In the 2^<big n> movie experience, a simple calculus shows that "white noise" is the most reasonable answer.




> You are playing with words

Words are the only way we have to communicate and I am not playing and this is not a game. I have no doubt that if duplicating chambers were in common use in Shakespeare's day by now the English language would be very different, particularly in regard to personal pronouns; but that didn't happen so we are left with a very imperfect instrument to discuss these matters. Thus when talking philosophically about duplicating chambers personal pronouns must be used sparingly and with great care even if that results in inelegant prose.

That is why I make it clear, and give precise definition, and notably use the duplication experience to distinguish clearly the 1-I from the 3-I, and all this in a traditional third person discourse. The first person discourse being here mainly the history of the experiences described in the diaries.

I do the same later, in arithmetic, by showing that the oldest definition of knowledge, when applied in arithmetic, introduce a similar distinction between third and first person discourse.

You have usually mocked away all those precisions.






> I have no clue, and I think that nobody has any clue about what you fail to understand.

I no longer think there is anything there to understand.
> You oscillate between "not new and trivial", and "wrong",

Yes, because your statements oscillate between not new, trivial, hopelessly vague, and just wrong.

My statement does not oscillate except for pedagogical improvement.

Again, you assert depreciative facts without any quotes.

Those are grave affirmations, which can rise doubt in the mind of other people.
Please, prove your statement.
Show one oscillation that I would have done.




I said a long time ago that no philosopher in the last 200 years has said something that was clear, deep, non-obvious, and true that a scientist or mathematician hadn't said long before, and you are continuing in that grand tradition.

On the contrary, I illustrate that when we assume computationalism, then, thanks to computer science and mathematical logic, and thanks to our intuition of finiteness, we can reason mathematically in that domain, without abandoning the scientific (doubting) attitude, by making precise all our assumptions.

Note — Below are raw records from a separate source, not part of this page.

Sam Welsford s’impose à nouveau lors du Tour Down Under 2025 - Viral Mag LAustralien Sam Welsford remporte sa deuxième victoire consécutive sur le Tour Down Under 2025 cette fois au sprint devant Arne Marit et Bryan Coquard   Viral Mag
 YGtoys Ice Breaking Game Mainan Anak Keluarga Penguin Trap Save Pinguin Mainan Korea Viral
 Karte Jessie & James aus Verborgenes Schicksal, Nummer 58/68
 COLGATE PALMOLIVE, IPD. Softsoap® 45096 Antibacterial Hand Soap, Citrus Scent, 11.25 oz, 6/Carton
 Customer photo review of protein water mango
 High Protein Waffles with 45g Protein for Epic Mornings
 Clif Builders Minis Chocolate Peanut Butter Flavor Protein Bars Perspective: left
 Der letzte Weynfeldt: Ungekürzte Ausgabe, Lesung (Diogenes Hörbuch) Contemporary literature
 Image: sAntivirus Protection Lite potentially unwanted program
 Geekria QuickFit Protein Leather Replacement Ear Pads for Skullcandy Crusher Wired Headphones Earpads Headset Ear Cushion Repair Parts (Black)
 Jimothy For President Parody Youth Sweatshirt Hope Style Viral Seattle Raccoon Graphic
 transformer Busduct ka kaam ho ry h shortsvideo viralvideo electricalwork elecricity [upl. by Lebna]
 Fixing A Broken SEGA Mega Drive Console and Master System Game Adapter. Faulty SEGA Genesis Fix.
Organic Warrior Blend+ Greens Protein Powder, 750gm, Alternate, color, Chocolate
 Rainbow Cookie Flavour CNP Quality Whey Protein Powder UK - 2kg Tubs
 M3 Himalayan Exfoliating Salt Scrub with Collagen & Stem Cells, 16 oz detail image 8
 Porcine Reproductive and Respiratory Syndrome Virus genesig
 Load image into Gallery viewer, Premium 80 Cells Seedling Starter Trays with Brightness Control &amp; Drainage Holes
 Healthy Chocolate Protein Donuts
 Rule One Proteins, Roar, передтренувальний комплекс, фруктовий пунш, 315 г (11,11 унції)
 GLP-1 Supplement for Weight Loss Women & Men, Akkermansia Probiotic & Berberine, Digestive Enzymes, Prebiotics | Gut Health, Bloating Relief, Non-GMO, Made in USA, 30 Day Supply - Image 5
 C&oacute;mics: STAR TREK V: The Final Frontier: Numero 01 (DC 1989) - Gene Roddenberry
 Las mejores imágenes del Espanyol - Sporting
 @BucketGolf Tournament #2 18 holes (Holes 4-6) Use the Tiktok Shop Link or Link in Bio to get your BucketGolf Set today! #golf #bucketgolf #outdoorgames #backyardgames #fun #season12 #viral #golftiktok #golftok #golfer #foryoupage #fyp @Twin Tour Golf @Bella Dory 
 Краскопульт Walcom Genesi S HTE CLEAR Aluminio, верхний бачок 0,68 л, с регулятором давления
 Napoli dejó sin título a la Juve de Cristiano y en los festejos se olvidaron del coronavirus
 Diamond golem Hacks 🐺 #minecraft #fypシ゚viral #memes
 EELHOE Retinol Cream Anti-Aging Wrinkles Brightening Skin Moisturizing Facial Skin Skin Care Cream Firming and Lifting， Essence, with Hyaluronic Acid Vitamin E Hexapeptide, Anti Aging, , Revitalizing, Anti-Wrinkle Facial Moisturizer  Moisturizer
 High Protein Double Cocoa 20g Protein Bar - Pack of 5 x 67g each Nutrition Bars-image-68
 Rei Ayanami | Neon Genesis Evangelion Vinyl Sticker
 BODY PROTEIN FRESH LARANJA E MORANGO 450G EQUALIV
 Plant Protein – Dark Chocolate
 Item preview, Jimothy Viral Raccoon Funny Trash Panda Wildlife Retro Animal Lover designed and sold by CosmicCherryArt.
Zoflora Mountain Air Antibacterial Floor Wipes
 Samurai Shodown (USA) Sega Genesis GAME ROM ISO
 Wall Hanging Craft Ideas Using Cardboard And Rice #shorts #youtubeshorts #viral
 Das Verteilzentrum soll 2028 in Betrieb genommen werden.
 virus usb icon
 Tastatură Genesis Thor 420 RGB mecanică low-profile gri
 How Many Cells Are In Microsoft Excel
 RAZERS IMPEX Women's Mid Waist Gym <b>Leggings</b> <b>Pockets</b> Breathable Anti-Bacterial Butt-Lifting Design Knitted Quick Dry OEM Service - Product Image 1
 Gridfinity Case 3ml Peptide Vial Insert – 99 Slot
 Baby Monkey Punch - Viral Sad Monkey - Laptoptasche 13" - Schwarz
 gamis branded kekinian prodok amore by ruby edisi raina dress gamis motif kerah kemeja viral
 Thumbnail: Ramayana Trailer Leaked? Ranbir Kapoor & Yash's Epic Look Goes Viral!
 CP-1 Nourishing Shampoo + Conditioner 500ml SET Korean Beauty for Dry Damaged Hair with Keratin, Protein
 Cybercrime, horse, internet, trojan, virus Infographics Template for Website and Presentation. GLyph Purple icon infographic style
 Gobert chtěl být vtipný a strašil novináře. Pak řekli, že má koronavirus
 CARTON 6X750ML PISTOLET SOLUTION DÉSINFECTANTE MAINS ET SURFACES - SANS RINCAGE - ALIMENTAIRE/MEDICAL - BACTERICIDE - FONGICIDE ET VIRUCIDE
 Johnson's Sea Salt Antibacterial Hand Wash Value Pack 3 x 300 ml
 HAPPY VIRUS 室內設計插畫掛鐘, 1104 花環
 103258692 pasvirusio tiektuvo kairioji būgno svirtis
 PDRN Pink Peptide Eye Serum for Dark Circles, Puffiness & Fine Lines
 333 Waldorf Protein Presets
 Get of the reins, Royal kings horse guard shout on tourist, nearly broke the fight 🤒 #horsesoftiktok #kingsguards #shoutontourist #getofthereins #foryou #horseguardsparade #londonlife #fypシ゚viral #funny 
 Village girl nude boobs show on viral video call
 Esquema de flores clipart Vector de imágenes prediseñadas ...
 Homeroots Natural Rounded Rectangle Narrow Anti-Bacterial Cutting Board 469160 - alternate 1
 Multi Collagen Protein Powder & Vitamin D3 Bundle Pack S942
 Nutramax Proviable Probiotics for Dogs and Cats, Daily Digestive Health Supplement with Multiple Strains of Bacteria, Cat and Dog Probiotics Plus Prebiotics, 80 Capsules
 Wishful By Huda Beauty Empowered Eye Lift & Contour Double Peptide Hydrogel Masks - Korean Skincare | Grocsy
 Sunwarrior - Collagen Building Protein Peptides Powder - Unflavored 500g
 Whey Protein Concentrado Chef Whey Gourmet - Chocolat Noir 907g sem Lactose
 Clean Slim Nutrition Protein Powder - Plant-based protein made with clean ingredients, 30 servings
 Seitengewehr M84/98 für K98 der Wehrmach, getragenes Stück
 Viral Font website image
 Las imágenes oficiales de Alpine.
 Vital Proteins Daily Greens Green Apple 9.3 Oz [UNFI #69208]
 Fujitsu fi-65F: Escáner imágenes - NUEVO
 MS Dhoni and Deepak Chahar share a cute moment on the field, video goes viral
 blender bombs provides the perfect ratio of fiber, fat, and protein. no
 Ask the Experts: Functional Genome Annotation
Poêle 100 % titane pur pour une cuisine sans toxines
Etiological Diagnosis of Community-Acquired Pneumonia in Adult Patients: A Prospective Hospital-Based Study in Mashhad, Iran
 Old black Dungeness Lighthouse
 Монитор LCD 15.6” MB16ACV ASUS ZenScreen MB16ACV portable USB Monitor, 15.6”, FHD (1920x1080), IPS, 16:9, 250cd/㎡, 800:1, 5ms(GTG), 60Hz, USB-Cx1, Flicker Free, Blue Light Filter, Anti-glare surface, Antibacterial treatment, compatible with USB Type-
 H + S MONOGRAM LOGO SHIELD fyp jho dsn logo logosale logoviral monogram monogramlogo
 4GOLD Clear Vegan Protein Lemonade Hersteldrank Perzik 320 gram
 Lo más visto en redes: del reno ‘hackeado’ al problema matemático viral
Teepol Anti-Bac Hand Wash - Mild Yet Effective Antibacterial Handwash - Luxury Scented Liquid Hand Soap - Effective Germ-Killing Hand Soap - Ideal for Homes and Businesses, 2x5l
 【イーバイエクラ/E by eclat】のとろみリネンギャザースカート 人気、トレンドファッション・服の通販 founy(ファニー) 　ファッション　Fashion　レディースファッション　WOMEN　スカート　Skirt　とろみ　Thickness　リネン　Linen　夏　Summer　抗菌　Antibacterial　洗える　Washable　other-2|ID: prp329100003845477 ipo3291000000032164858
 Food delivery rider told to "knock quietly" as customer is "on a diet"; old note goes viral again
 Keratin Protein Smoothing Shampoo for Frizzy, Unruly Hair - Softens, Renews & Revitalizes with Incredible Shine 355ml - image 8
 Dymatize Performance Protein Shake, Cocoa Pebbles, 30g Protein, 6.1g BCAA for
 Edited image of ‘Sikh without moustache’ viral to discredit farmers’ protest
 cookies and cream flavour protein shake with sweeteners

Are you aware that it is a thesis in computer science, and it has intersection with philosophy, theology, physics, biology, arithmetic.

You stop at step 3, which has never been problematical, as it *is* really obvious, but it changes also everything in the sense that it brought quickly a model for another rational way to conceive reality. In my mind UDA was only remind that science has NOT decided between Aristotle and Plato. AUDA is the "real stuff", even if the hard work has been done by Gödel, Löb, Solovay, Visser and many others. But it leads to a transparent interpretations of all terms used.

So I recommend you to buy the book by Mendelson on Logic,

http://www.amazon.com/Introduction-Mathematical-Discrete-Mathematics-Applications/dp/1584888768

and the books by Boolos (1979, 1993) on "Bp", which contains a chapter on "Bp & p",

and then study AUDA, and then come back to UDA.
You might eventually laugh at yourself, and that's the best I wish to you.

From now on, I will answer only specific critics and precise question, and skip the rhetorical prose.